▶ **What is expected**: Reproduce the whole of the records exactly, and make sure no picture is carried into the result.

—————

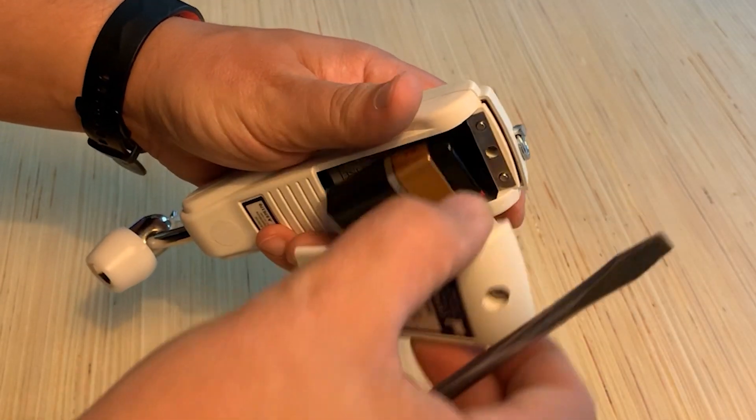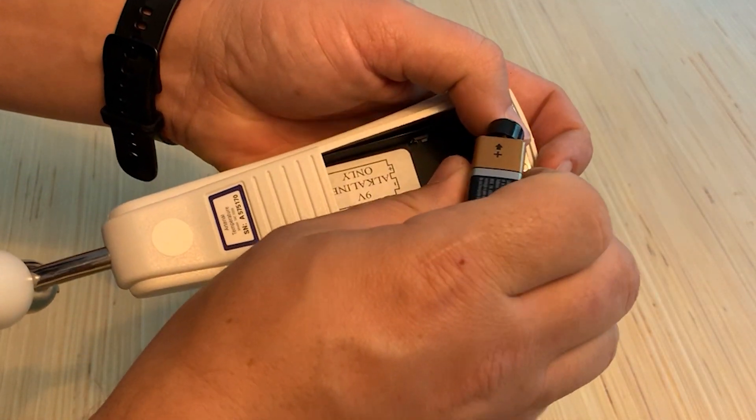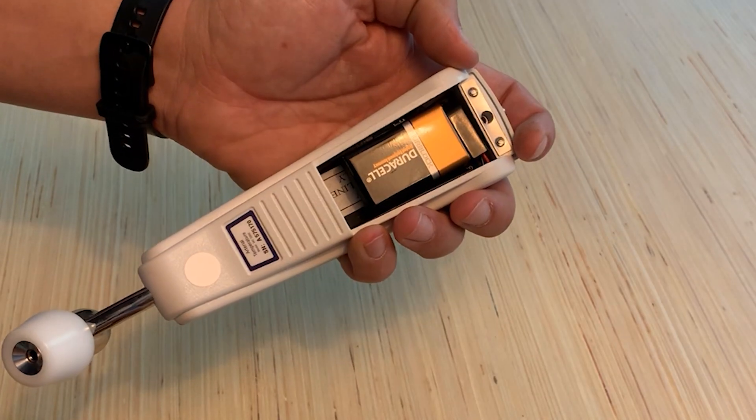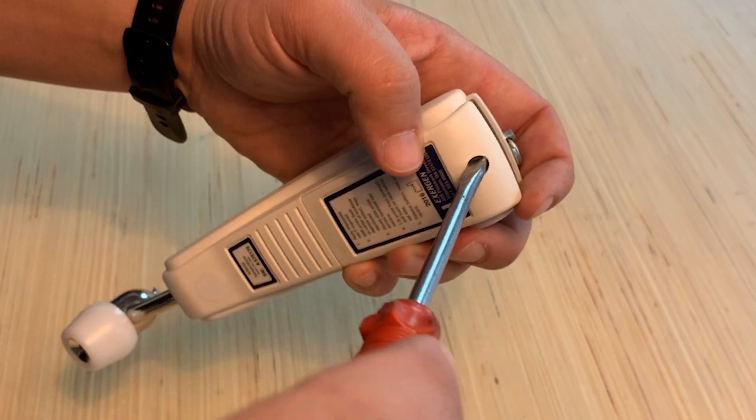To change the batteries, simply remove the screw in the back of the thermometer and replace the 9-volt battery. Replacement batteries can be ordered during your routine EMS supply order.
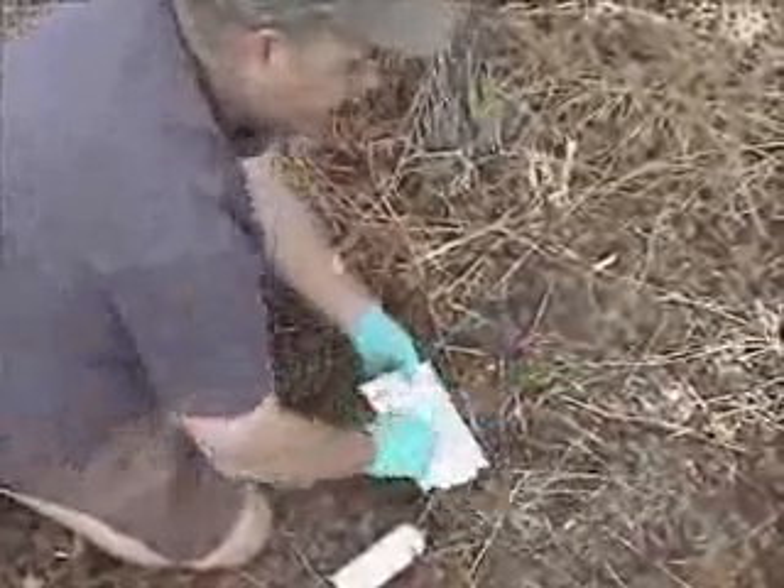There we go. Go the other way little guy. Little bit sticky but unharmed.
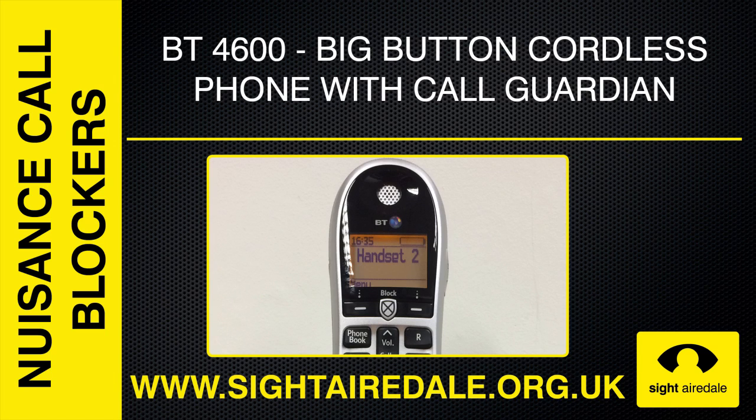The BT-4600, the new big-button cordless phone from BT with CallGuardian Call Blocking Technology.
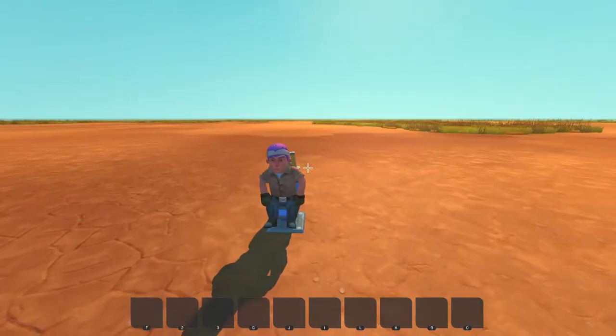Hello and welcome to another quick Scrap Mechanic tutorial. Today I'm going to explain how to make a really easy piston pulser. I'm Mechanear23, let's get into it.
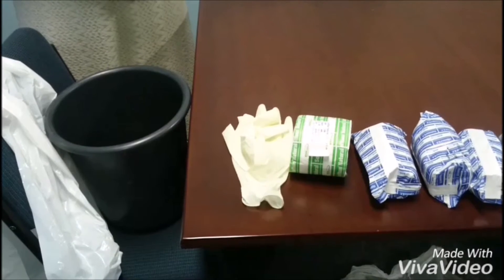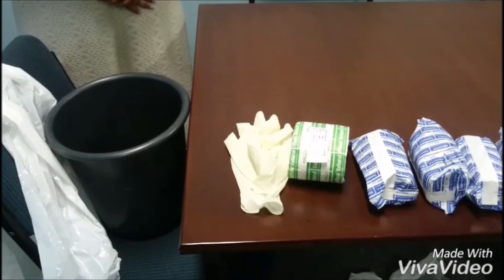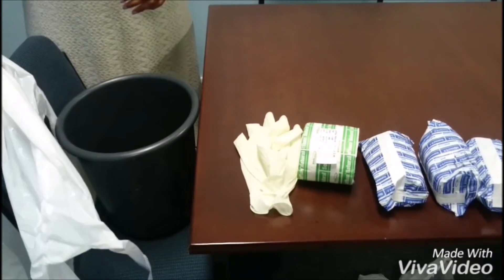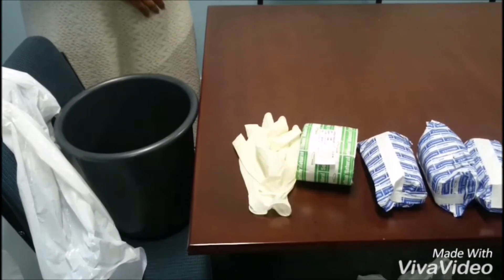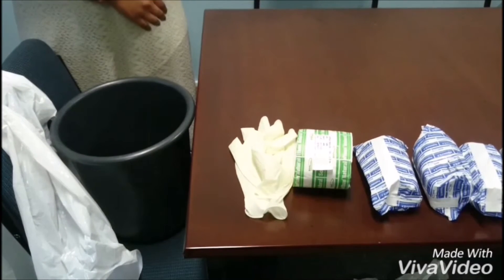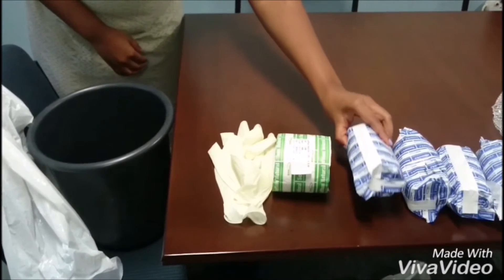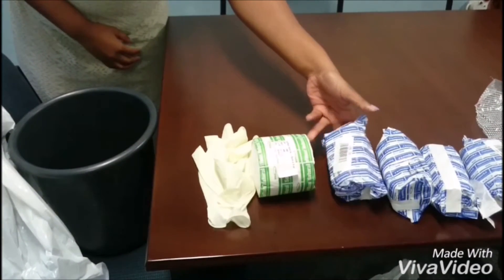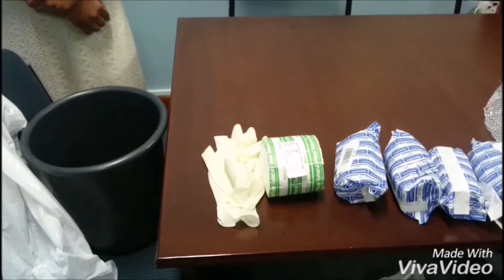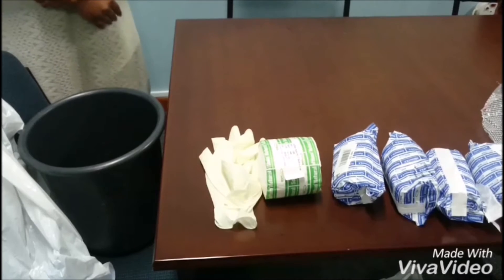The materials used in this video will be gloves, 2 imprints, webril cotton roll of 5 to 10 cm under-padding, 4 individually wrapped Plaster of Paris rolls of 5 to 10 cm, and a bucket with water at or below room temperature, approximately 24 degrees Celsius.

—————

▶ **Output for this task**:
To change the batteries, simply remove the screw in the back of the thermometer and replace the 9-volt battery. Replacement batteries can be ordered during your routine EMS supply order.
There we go. Go the other way little guy. Little bit sticky but unharmed.
The BT-4600, the new big-button cordless phone from BT with CallGuardian Call Blocking Technology.
Hello and welcome to another quick Scrap Mechanic tutorial. Today I'm going to explain how to make a really easy piston pulser. I'm Mechanear23, let's get into it.
The materials used in this video will be gloves, 2 imprints, webril cotton roll of 5 to 10 cm under-padding, 4 individually wrapped Plaster of Paris rolls of 5 to 10 cm, and a bucket with water at or below room temperature, approximately 24 degrees Celsius.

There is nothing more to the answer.